- Opening Delimiter -
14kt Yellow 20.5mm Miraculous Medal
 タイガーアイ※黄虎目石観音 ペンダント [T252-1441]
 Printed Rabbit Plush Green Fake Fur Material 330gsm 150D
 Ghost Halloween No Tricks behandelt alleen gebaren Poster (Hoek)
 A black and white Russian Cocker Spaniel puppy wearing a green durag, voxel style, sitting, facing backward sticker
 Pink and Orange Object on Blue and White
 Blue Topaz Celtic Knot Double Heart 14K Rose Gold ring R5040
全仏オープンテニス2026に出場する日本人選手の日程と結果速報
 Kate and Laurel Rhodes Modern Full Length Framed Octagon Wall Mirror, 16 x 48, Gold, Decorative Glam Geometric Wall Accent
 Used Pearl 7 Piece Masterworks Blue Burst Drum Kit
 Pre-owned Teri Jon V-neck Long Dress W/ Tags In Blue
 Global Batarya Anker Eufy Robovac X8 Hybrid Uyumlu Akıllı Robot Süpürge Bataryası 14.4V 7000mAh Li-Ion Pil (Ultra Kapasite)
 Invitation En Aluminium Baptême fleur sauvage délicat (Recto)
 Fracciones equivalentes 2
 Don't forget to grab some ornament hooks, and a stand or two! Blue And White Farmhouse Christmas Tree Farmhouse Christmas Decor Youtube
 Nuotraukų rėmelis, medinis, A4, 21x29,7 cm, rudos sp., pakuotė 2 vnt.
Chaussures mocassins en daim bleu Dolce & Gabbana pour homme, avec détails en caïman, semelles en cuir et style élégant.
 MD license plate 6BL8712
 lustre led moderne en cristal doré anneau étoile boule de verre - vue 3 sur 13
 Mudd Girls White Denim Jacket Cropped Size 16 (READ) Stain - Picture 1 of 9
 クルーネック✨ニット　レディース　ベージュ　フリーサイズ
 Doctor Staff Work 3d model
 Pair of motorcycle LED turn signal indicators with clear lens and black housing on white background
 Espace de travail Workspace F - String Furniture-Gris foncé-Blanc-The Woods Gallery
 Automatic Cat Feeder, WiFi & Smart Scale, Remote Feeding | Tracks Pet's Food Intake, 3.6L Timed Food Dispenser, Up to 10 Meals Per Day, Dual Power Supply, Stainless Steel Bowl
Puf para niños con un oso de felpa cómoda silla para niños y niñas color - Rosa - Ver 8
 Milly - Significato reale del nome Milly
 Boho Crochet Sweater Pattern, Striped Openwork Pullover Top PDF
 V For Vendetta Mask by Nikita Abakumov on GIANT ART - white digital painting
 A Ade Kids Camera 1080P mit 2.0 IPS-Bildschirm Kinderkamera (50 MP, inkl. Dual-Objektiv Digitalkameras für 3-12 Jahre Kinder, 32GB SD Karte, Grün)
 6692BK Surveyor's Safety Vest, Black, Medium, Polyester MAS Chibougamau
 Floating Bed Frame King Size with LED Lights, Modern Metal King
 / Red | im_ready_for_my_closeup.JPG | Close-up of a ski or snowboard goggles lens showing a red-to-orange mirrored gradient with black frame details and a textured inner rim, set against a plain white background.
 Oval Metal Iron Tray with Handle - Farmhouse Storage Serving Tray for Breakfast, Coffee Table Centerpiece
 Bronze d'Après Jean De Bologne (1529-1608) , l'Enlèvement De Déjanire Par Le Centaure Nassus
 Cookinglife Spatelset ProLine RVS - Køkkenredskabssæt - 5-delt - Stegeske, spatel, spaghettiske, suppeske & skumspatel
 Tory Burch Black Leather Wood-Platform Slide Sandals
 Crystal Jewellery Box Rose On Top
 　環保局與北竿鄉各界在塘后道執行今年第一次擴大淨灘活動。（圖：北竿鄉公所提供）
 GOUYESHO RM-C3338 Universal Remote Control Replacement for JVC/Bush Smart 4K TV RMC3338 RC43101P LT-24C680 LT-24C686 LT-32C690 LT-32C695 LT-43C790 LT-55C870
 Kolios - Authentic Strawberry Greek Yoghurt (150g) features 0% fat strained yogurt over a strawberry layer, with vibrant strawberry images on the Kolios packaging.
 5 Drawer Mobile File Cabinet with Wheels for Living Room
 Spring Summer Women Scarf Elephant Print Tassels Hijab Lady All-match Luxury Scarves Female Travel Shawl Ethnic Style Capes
- Closing Delimiter -
▸ WHAT TO DO
Look above for the line holding "Pre-owned Teri Jon". Print it and every line after it, exactly, through the line holding "lustre led moderne".

▸ SOLUTION TO THIS EXERCISE
 Pre-owned Teri Jon V-neck Long Dress W/ Tags In Blue
 Global Batarya Anker Eufy Robovac X8 Hybrid Uyumlu Akıllı Robot Süpürge Bataryası 14.4V 7000mAh Li-Ion Pil (Ultra Kapasite)
 Invitation En Aluminium Baptême fleur sauvage délicat (Recto)
 Fracciones equivalentes 2
 Don't forget to grab some ornament hooks, and a stand or two! Blue And White Farmhouse Christmas Tree Farmhouse Christmas Decor Youtube
 Nuotraukų rėmelis, medinis, A4, 21x29,7 cm, rudos sp., pakuotė 2 vnt.
Chaussures mocassins en daim bleu Dolce & Gabbana pour homme, avec détails en caïman, semelles en cuir et style élégant.
 MD license plate 6BL8712
 lustre led moderne en cristal doré anneau étoile boule de verre - vue 3 sur 13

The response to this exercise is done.